Bolshoi Performers Suspended For Striking Over Internal Dispute

Steven Erlanger New York Times

In an escalating drama at Russia’s Bolshoi Theater, the director Saturday suspended 15 performers of the Bolshoi Ballet company who refused to perform Friday night in a strike that infuriated the public.

The dancers struck over the resignation on Thursday of the ballet company’s longtime artistic director, Yuri Grigorovich, 68, forcing the cancellation of Friday evening’s performance of “Romeo and Juliet,” which Grigorovich had choreographed to the music of Tchaikovsky.

Grigorovich, a famously autocratic artistic director and choreographer for three decades, lost out to Vladimir Kokonin, the director of the Bolshoi, in a titanic battle of cultures that had gone all the way to the Kremlin.

Kokonin favors an end to lifetime employment and the introduction of a contract system for artists, as well as the naming of a new board of directors for the theater. Grigorovich, who said he could not work with Kokonin, quit on Thursday.

It was the first time in memory that a ballet was canceled by a dancers’ strike. In September, dancers delayed a performance for 20 minutes to protest the internal feuding.

Friday night, the curtain opened 10 minutes late to reveal a collection of teachers, stage workers and dancers, some in costume and some in street clothes, standing about awkwardly on the stage.

Sergei Gromov, a well-known dancer, in costume for the performance, read a statement of protest against the 10 months of confusion at the theater and the confirmations of Kokonin as general director and Vladimir Vasiliyev, a former dancer, as artistic director.
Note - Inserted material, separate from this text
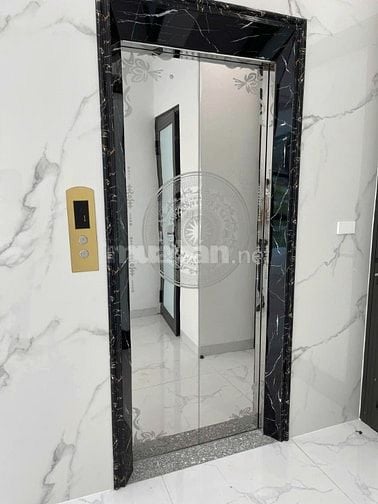 BÁN NHÀ MẶT PHỐ HÀM LONG, QUẬN HOÀN KIẾM, DT 40 M2 X 5 TẦNG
“We have a bitter response,” Gromov said, telling the audience to hold their tickets for a later date.

Gromov was among those suspended Saturday, along with several well-known dancers, Natalya Arkhipova, Natalya Bessmertnova, Yuri Vetrov and conductor Algis Zhyuraitis. Television news said they had been dismissed, but the Bolshoi used a Russian word that implied something less than outright dismissal.
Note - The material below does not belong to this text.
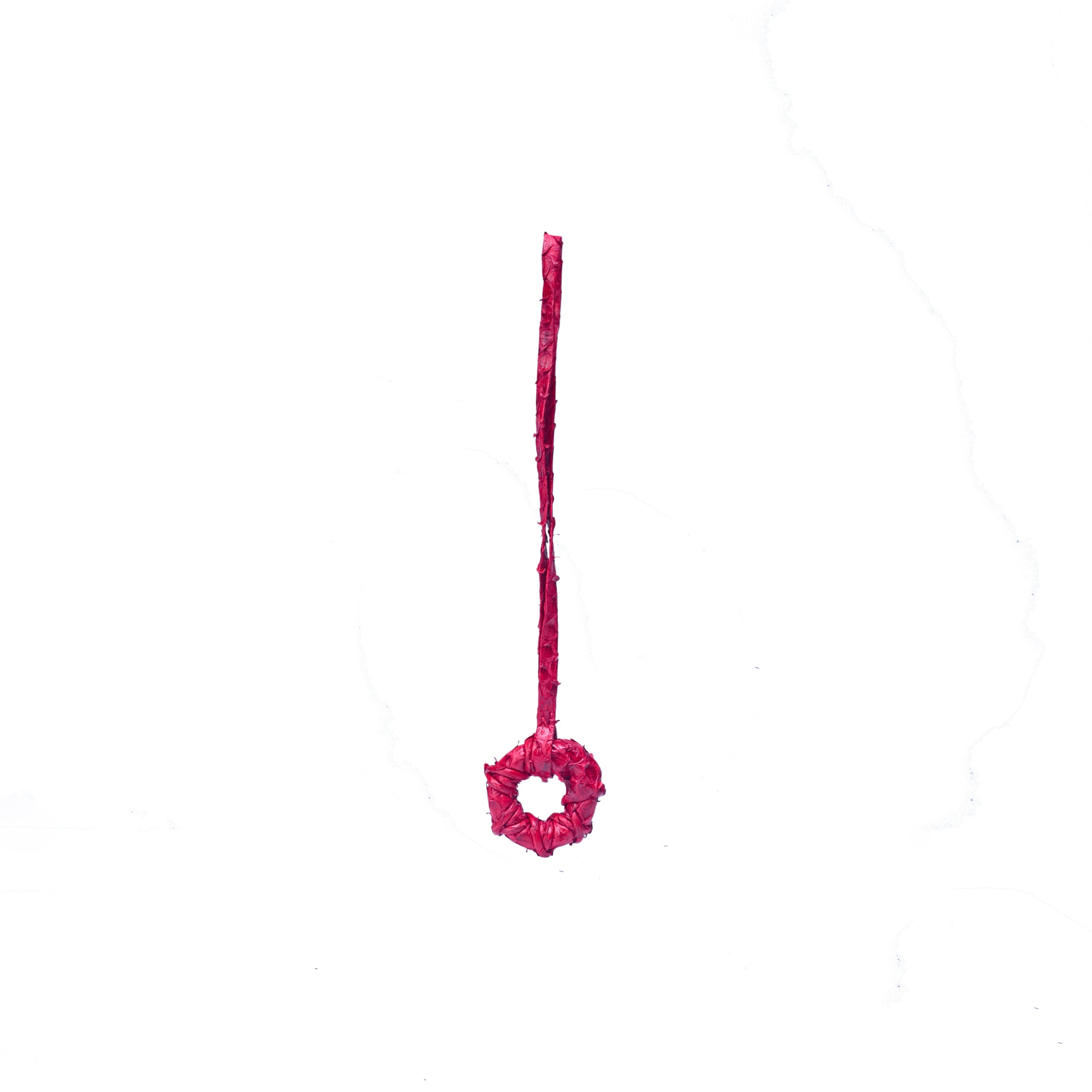 Bag Charm Shield Of Grace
In a telephone interview Saturday night, Bessmertnova said the dancers had been suspended until a court could judge the legality of their protest. If the strike is illegal, she said, the dancers could be dismissed. She said they decided not to perform only 10 minutes before the curtain was due to rise at 7 p.m.

The strike was not universally popular, and many dancers hung about Friday night, hoping the performance would go on. The audience reacted angrily, some whistling and stamping their feet. A ticket to the Bolshoi is still a prize in Russia, and foreigners can pay up to $100 for a seat in the orchestra.

The theater said Friday night it could not immediately refund the tickets. Viktor Tikhonov, the deputy director, said that the theater was considering suing the dancers responsible for the strike or deducting the costs from their salaries.